Leave it to Mosca to gift every genre he tackles with a rudely anarchic, very London sort of swagger. In the space of only four solo 12"s, he's taken on dubstep, hip-hop, funky, garage and bassline. With Wavey he's taken another stylistic divergence into streamlined, tightly syncopated techno. So it's to his credit that everything he's produced sounds like him, and no-one else. Certain signifiers are present throughout: a constant tangle between smoothness and grit, clearly influenced by turn-of-the-millennium two-step; percussion that crumples like a pissed tumble down a club staircase; hyped MC chatter that toasts the track then vanishes. In keeping with that spirit, Wavey is a million miles apart from a lot of modern techno, which demands you maintain your composure even with a headful of cheap stimulants: Mosca's take on the genre has lobbed back a couple of rums and taken a running dive onto the dancefloor. The four tracks here - very appropriately named after club tipples ('Jager'; 'Dom Perignon') - all sound battered, in a chaotic but ultimately benign way. If you were to accidentally step on 'Wray 'n' Neph's boxfresh Nikes, he'd probably square up, eye up, screwface; then pause, grin, and throw a sweaty arm round your shoulder.

October & Borai - Sticky Fingers/Left Out [brstl]
Asusu - Sister/Too Much Time Has Passed [Livity]
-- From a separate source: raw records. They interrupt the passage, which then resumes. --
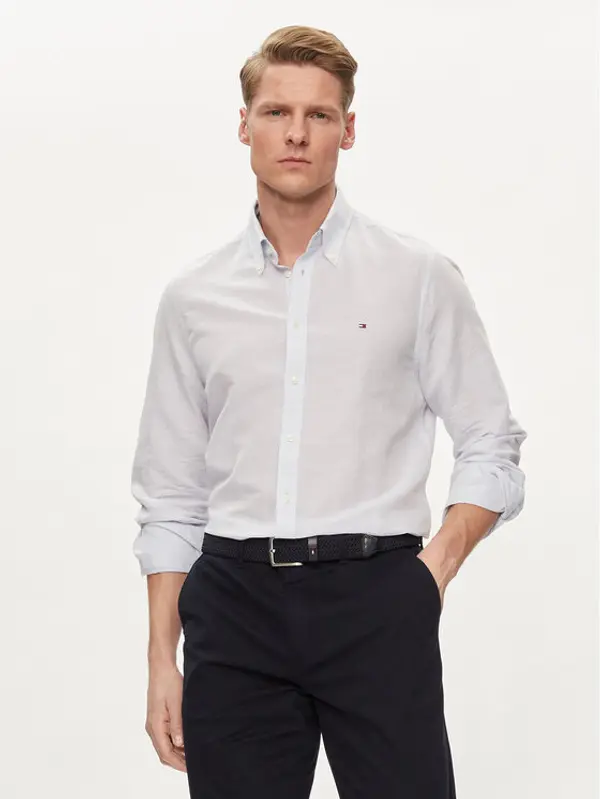 Tommy Hilfiger Tommy Hilfiger Košulja MW0MW34632 Svijetloplava Slim Fit
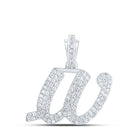 10kt White Gold Diamond Initial Pendant: Personalized Elegance in Motion - Splendid Jewellery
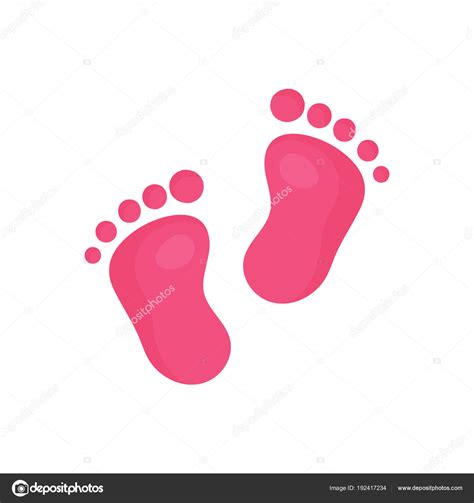 Cartoon Baby Footsteps Footprint Stock Vector Image By ©julsdumanska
Vessel - Wax Dance EP [A Future Without]

And we finish with another edition of Bristol Corner, as has become customary for Hyperspecific by now. That's partly down to this writer's personal bias, but mostly because there are very few places in the world currently churning out such consistently excellent electronic music. Lately, as if to keep pace with the city's new adventures in house music, two new hand-stamped white label imprints have sprung up: Livity and brstl. The former's second release is from Asusu, whose earlier music remained engaged with the dubstep/techno axis circa-2008. 'Too Much Time Has Passed' stays in that zone - it's a lovely, spiraling dub track that recalls Appleblim & Peverelist's already seminal Skull Disco collab 'Circling'. 'Sister' is closer to the Bristol of now, matching swung percussion and a four-to-the-floor kick to reedy treble drones.
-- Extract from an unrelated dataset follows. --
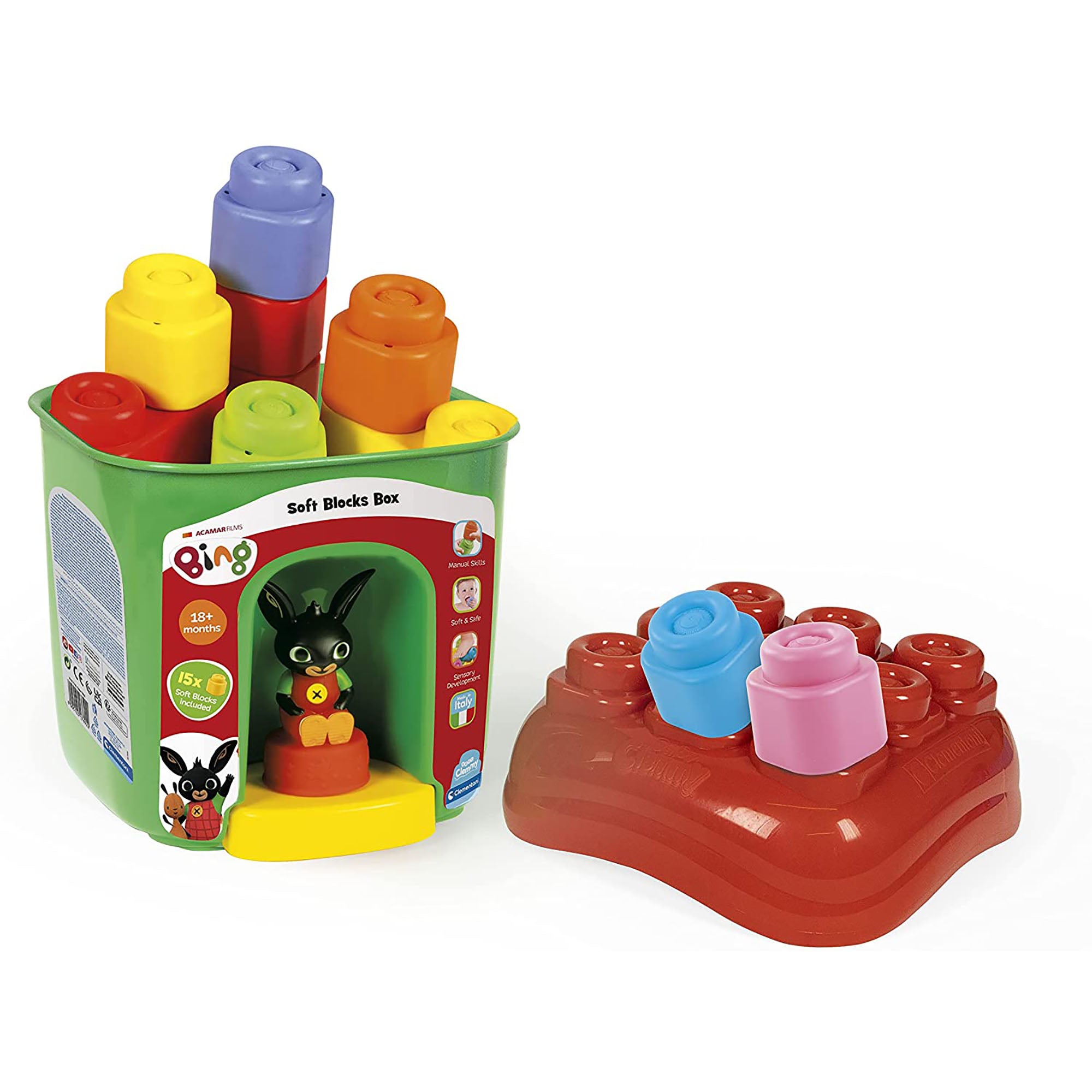 Set cuburi Soft Clemmy Bing - Casuta cu cuburi - eMAG.ro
Brstl's opening salvo is of an excellent pedigree. It's associated with both Idle Hands and Immerse - two labels already very much involved in the Bristol scene as it stands - and its first release comes from October & Borai. October's activities anticipated the city's current vogue for house music - he's been producing beautiful, live-sounding analogue house and releasing it through his old label Caravan for several years - so it's fitting that he's starting to gain wider recognition for his music. These collaborations with Borai are both nicely aligned with Kowton's current experiments in stripping house to the bone. 'Left Out' is composed of little other than tightly swung percussion, the odd stammer of human voice and thick, loping chords that drag out across its surface. 'Sticky Fingers' is slower and lonelier, its stringy chords and thin melodic lines better suited to nocturnal wanderings than peak-time club floors. Both tracks are fantastic, and it's released on a strictly limited, no digital basis, so it's worth snapping one up quickly.
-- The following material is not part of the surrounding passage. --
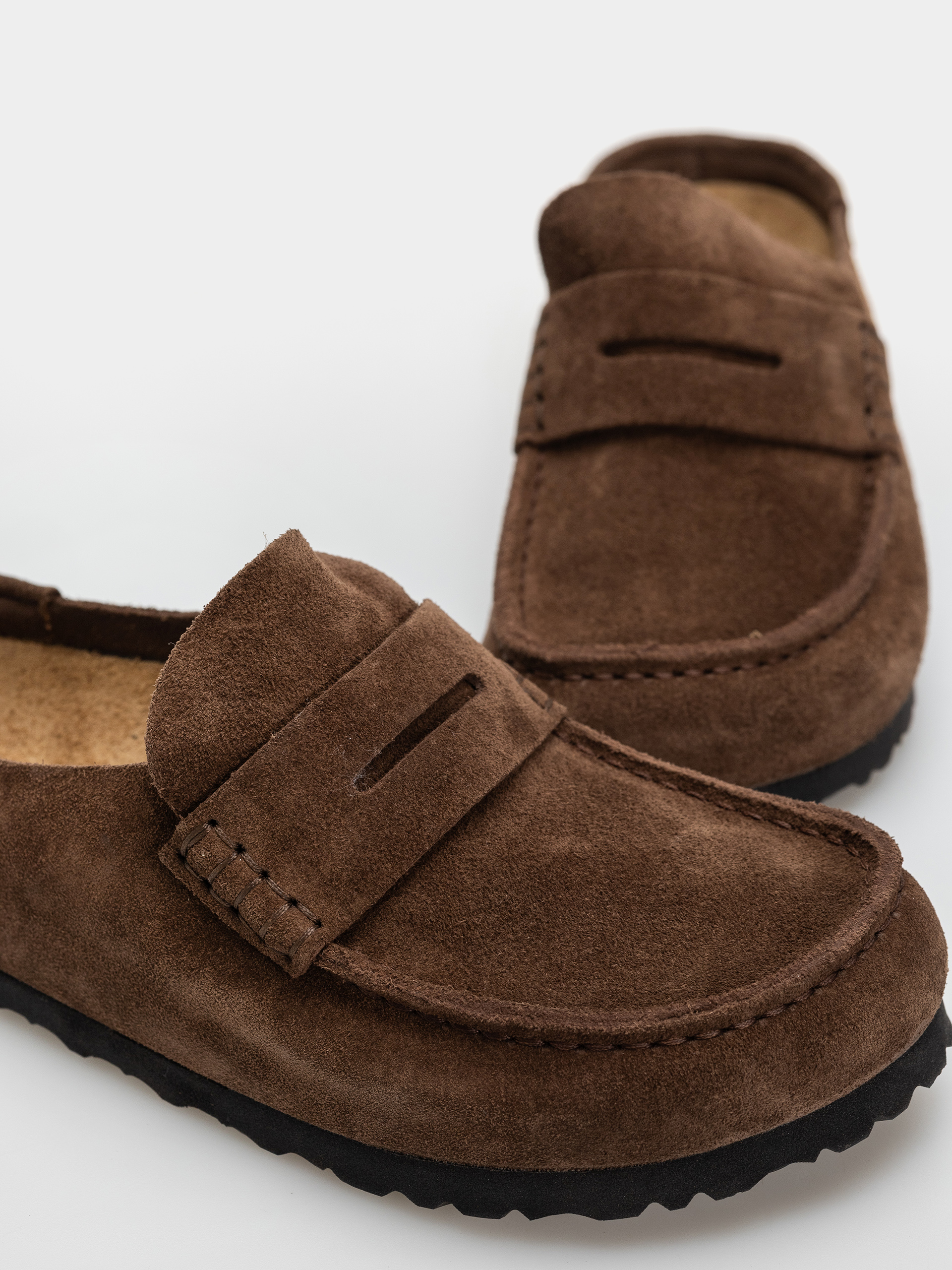 Чехли Birkenstock Naples Wrapped Suede Leather Narrow (carafe)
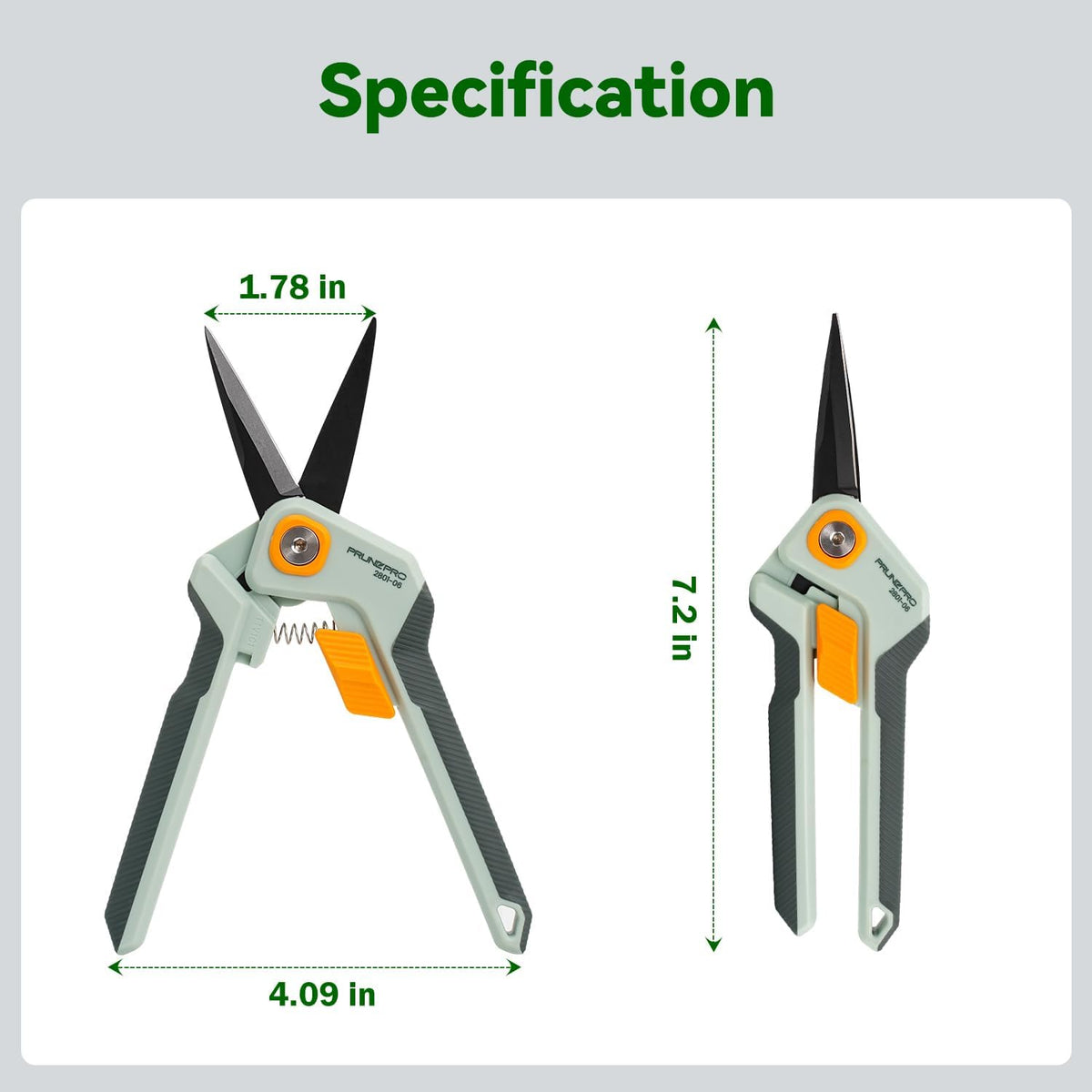 Garden Scissors Pruning Shears Sharp Stainless Steel Non-Stick Teflon Coating Blade for Precise Cuts Garden Snip Bonsai Clippers for Plants Rose Flower 3 Pack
If you've listened to Vessel's excellent mix for the Quietus, you'll have some idea what to expect from his new digi-only EP on Throwing Snow's label. Seb Gainsborough is something of a musical magpie - in the interview accompanying his mix we talked equally about footwork, gabba and James Ferraro. Wax Dance, however, is still pitched in the direction of house, albeit that of the knackered variety. He doesn't DJ out very often, which shows. These five tracks often feel less concerned with typical clubwise horizontal development than the establishment and maintenance of atmosphere. In that they're roundly successful - something in Gainsborough's treatment of melody is very reminiscent of Philip Jeck's ability to wring great quantities of emotional matter from antique vinyl. Still, they could all coax serious movement out of a club crowd. 'Cuba' and 'Trapped Wave' are both glorious - how I imagine Jeck would sound if he made sunken disco rather than scuffed ambient. Stunning stuff. It's only a shame they're digital only, these gorgeous miniatures would sound sexy on wax.